**Work required**
Please repeat the data exactly. Any picture in it stays out.

=== Section Start ===

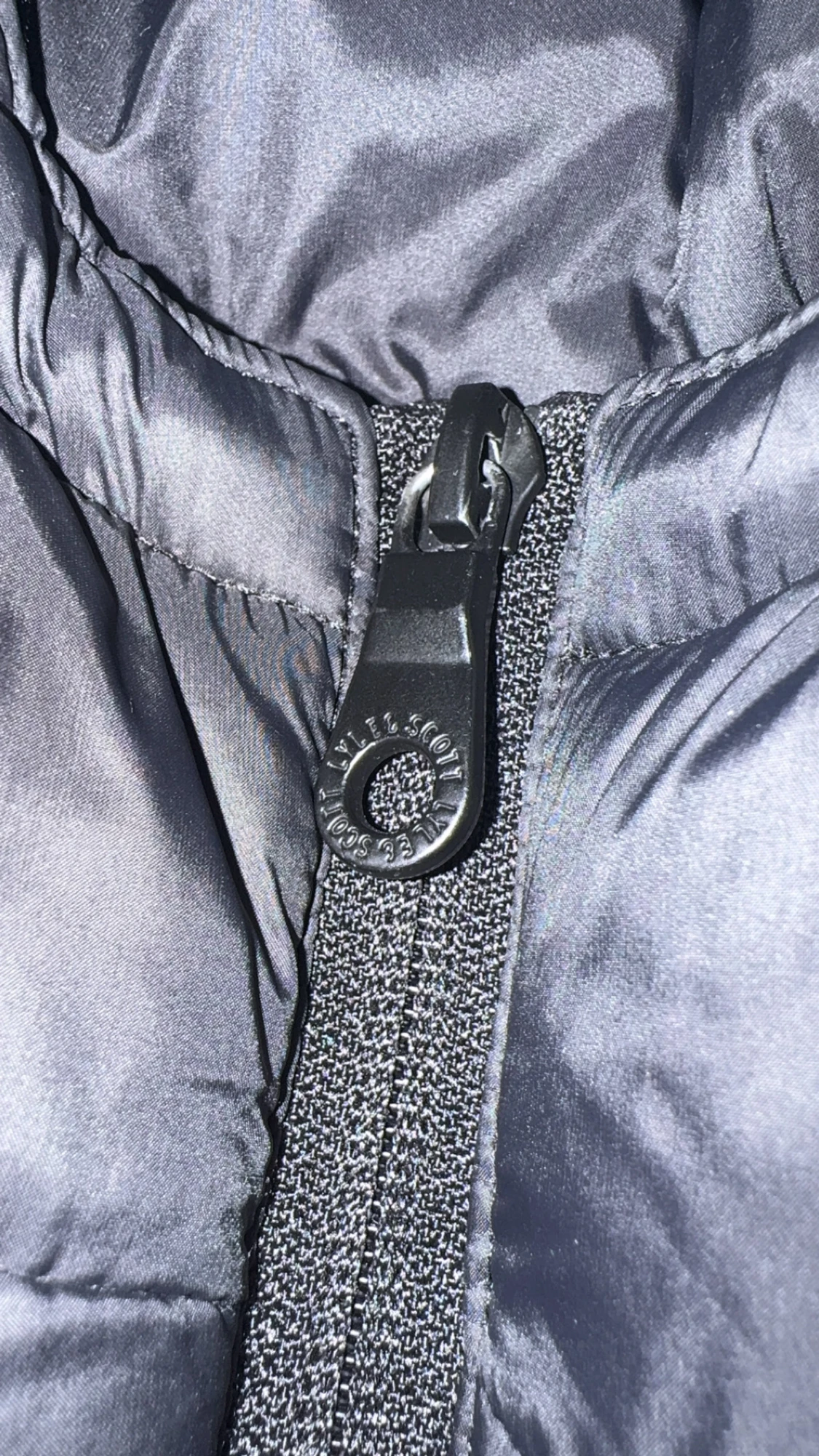 Svart pufferjacka Lyle & Scott L - 3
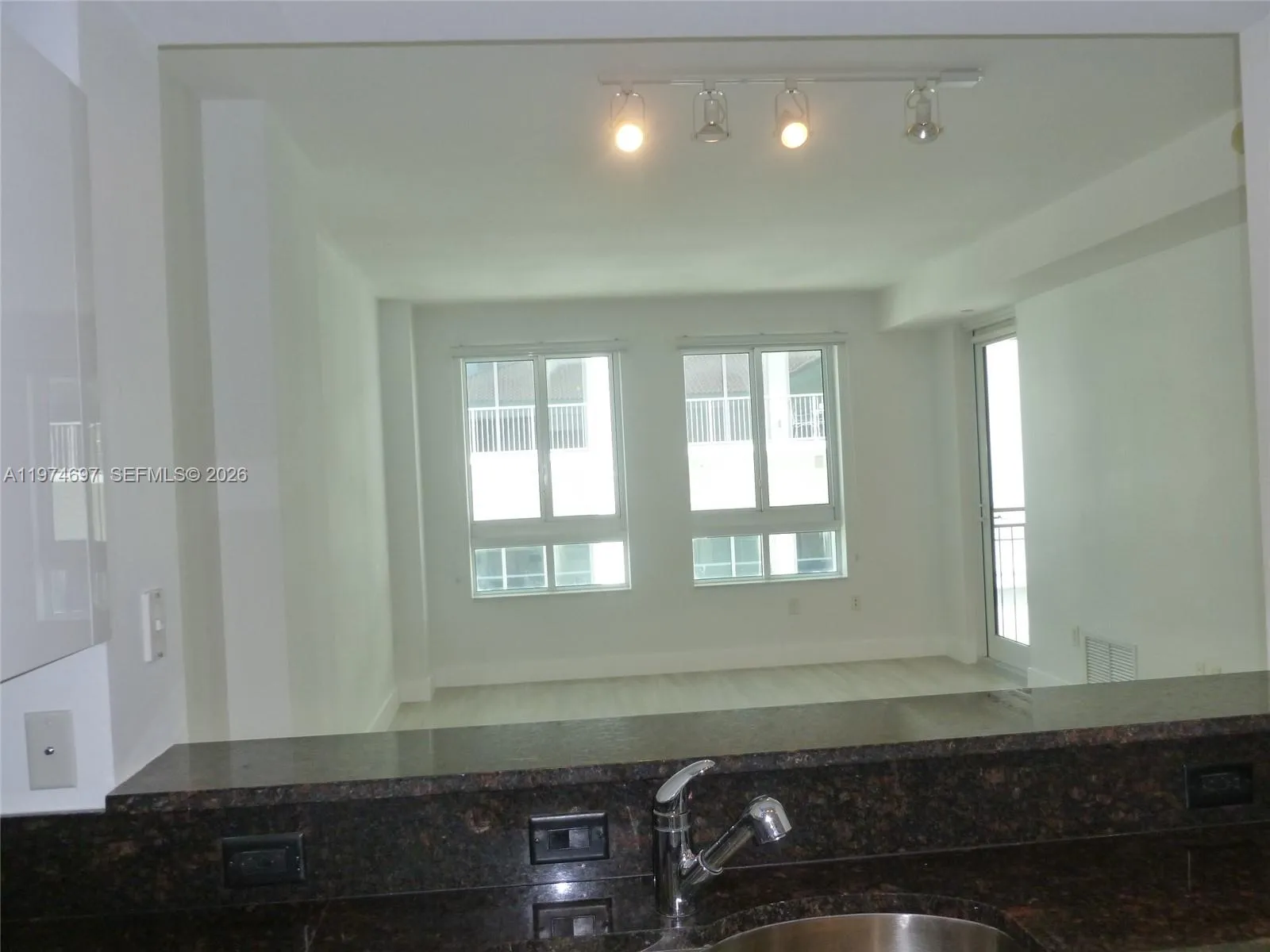 7350 Sw 89th St 807s, Miami, Florida 33156, Miami, Florida 33156, 1 Bedroom Bedrooms, ,1 BathroomBathrooms,Residential,For Sale,7350 Sw 89th St 807s, Miami, Florida 33156,A11974697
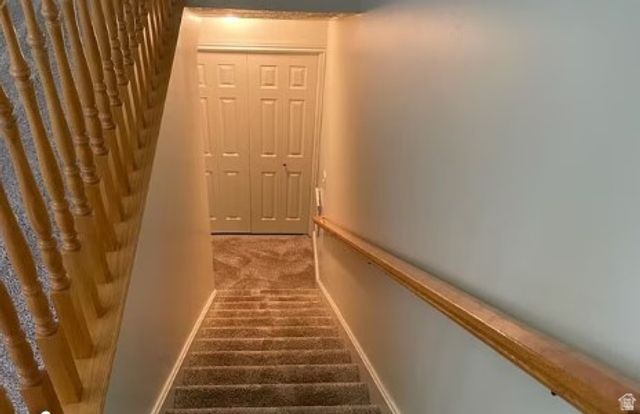 4055 S HILLCREST CIR, South Ogden, UT 84405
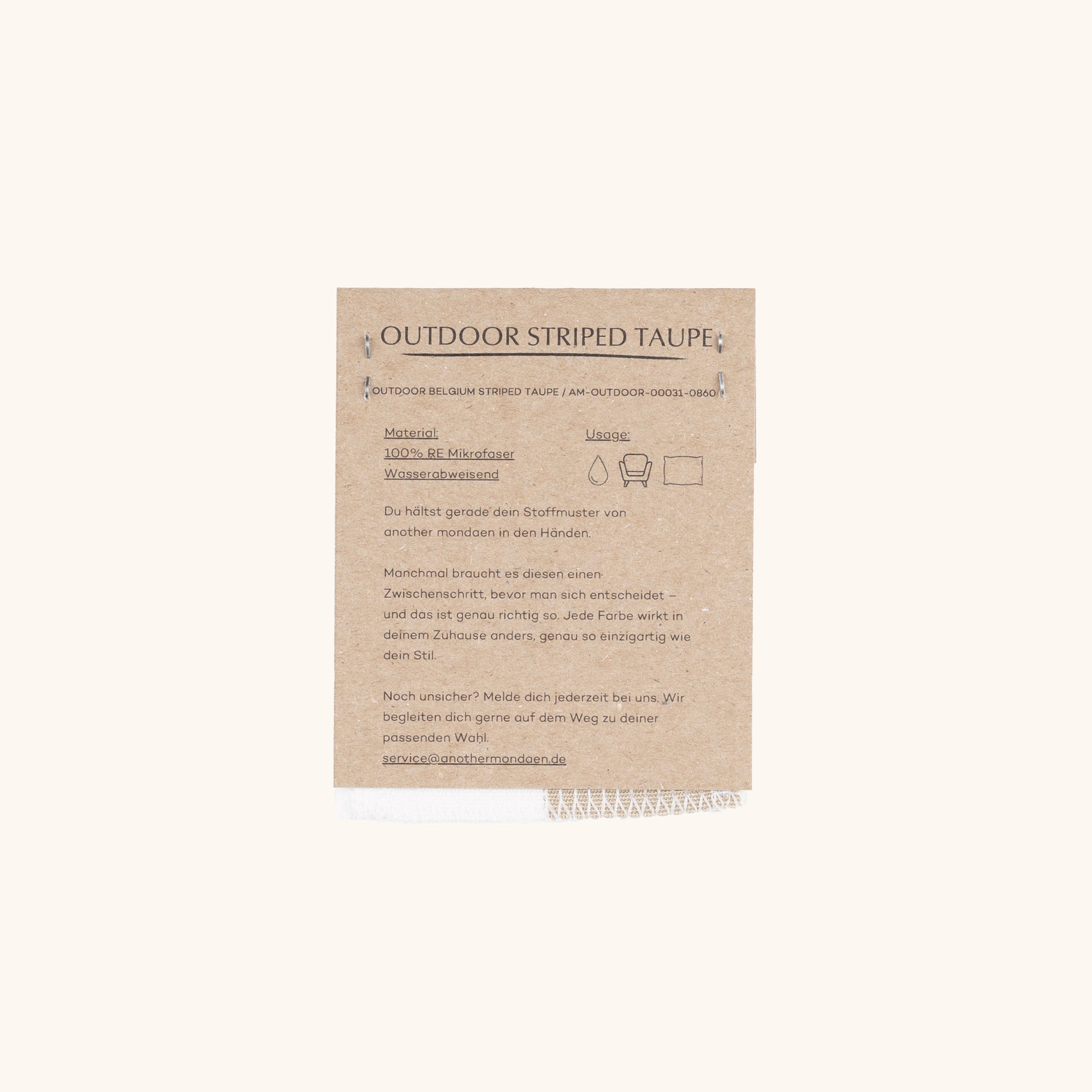 Rückseite des Outdoor Stoffmusters taupe gestreift von another mondaen mit Materialangaben – Stoffprobe aus wasserabweisender Mikrofaser für Outdoor-Kissen.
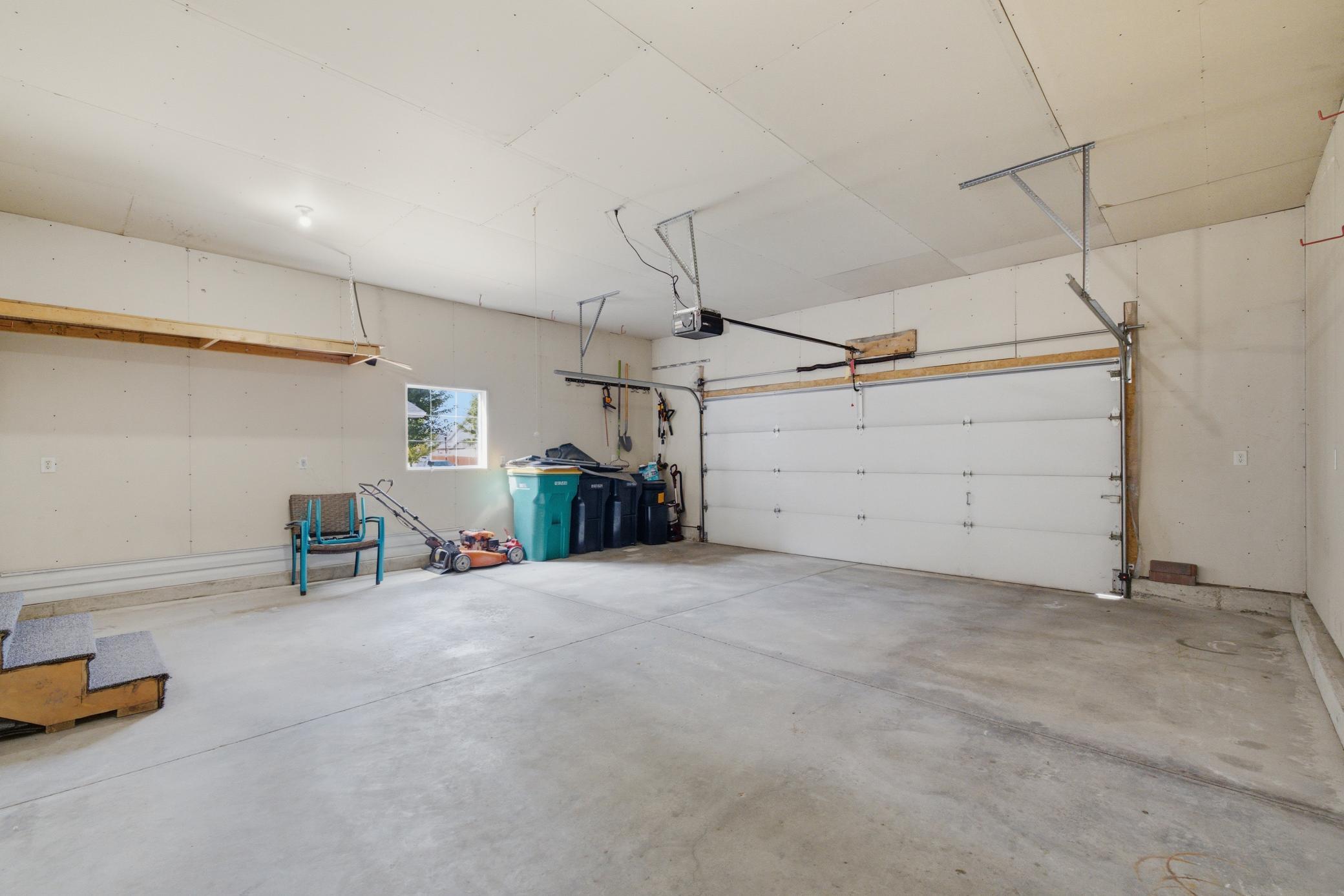 2003 single family home for sale at 507 19th Avenue W in West Fargo, ND — 3 bed, 3 bath (photo 45 of 68)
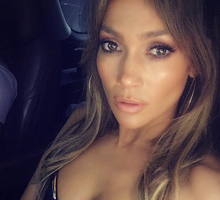 jennifer lopez selfie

=== Section End ===

**Exercise response**
 Svart pufferjacka Lyle & Scott L - 3
 7350 Sw 89th St 807s, Miami, Florida 33156, Miami, Florida 33156, 1 Bedroom Bedrooms, ,1 BathroomBathrooms,Residential,For Sale,7350 Sw 89th St 807s, Miami, Florida 33156,A11974697
 4055 S HILLCREST CIR, South Ogden, UT 84405
 Rückseite des Outdoor Stoffmusters taupe gestreift von another mondaen mit Materialangaben – Stoffprobe aus wasserabweisender Mikrofaser für Outdoor-Kissen.
 2003 single family home for sale at 507 19th Avenue W in West Fargo, ND — 3 bed, 3 bath (photo 45 of 68)
 jennifer lopez selfie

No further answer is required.